Noble, who now heads the Center for Responsive Politics, rattles off a series of seemingly technical issues that the FEC will have to grapple with under the new law, which aims to prevent big money interests from getting around hard money limits on contributions to candidates and parties.

“Take the question of how the agency will define the concept of coordination,” Noble begins. “There’s a lot of talk about independent activity by outside groups — when will something be considered independent and allowed, and when will it be considered coordinated, and counted as a contribution to a candidate? In the issue ad area, the agency will have to determine when it is that a candidate is clearly identified in an ad.” Under McCain-Feingold, such ads, if they appear close to an election, are supposed to come under stricter regulation — but only if a candidate is pictured or mentioned in them.
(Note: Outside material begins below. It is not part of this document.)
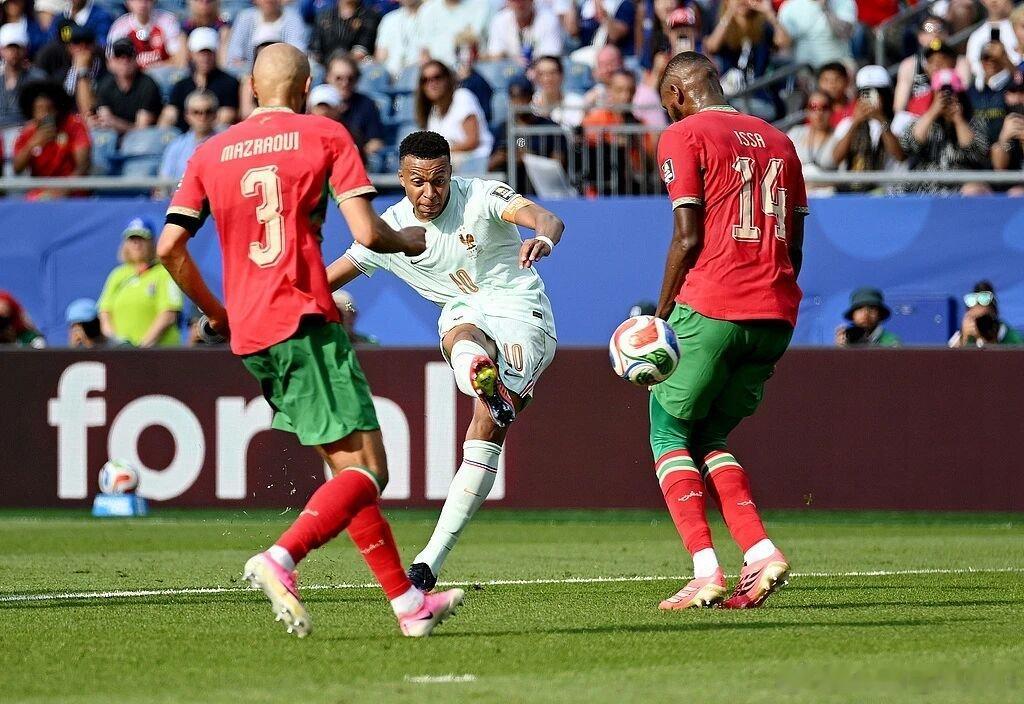 四年前半决赛，法国2-0摩洛哥。四年后1/4决赛，法国2-0摩洛哥。历史总是惊人
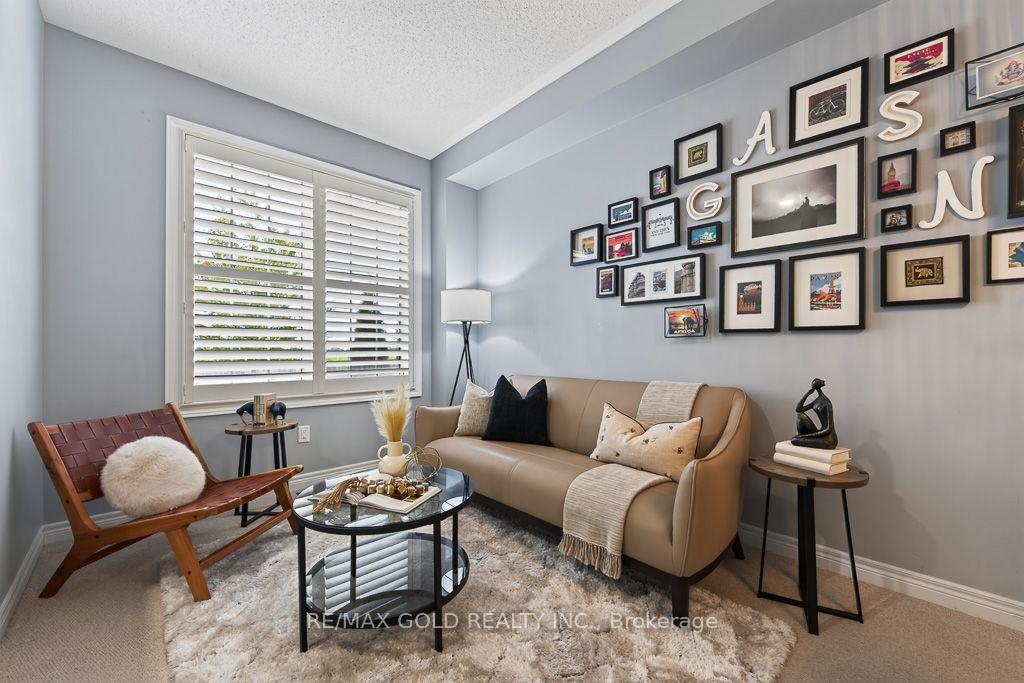 Photo 5 of 131 Olivia Marie Road, Brampton, Bram West — HOMEH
“Keep in mind that the soft money loophole was created by the FEC through advisory opinions, back in 1979,” Noble says. “Will it find other ways to make these regulations as weak as before? That’s my fear.”

In Noble’s view, Toner’s appointment is the Bush Administration’s way of telling its conservative allies that they will have a powerful friend on the commission looking after their concerns as the law is implemented. Toner denies that is his intention, and he has told Washington insiders that he will act responsibly to uphold and defend the new law. This is after he told the Associated Press last July that the legislation would “put a stake through the heart of grass-roots and voter education initiatives.”

What is to be done? The quartet of McCain, Feingold, Shays and Meehan are already talking about introducing a bill to completely restructure the FEC and turn it into something approaching a true law-enforcement agency. Later this month, a blue-ribbon group led by Fred Wertheimer, former president of Common Cause, will issue a detailed report on restructuring the commission. E. Joshua Rosenkranz, founder of the Brennan Center for Justice at New York University and a member of Wertheimer’s group, says the key is getting rid of the six commissioners. Right now, he says, the FEC is “like putting three foxes and three wolves in charge of guarding the chicken coop. There needs to be a single head that is publicly accountable, like we have for the FBI.” Rosenkranz also suggests giving that person a long enough term to insulate him from partisan meddling and enhancing the agency’s power to impose fines.

The bottom line is that the FEC, like so many other regulatory agencies, is controlled by the industry it is supposed to oversee. And if partisan politicians can pick the cops on the campaign finance beat, the press, the public and, in particular, the reform community will have to keep the pressure on to make sure they abide by the spirit and intent of the new law.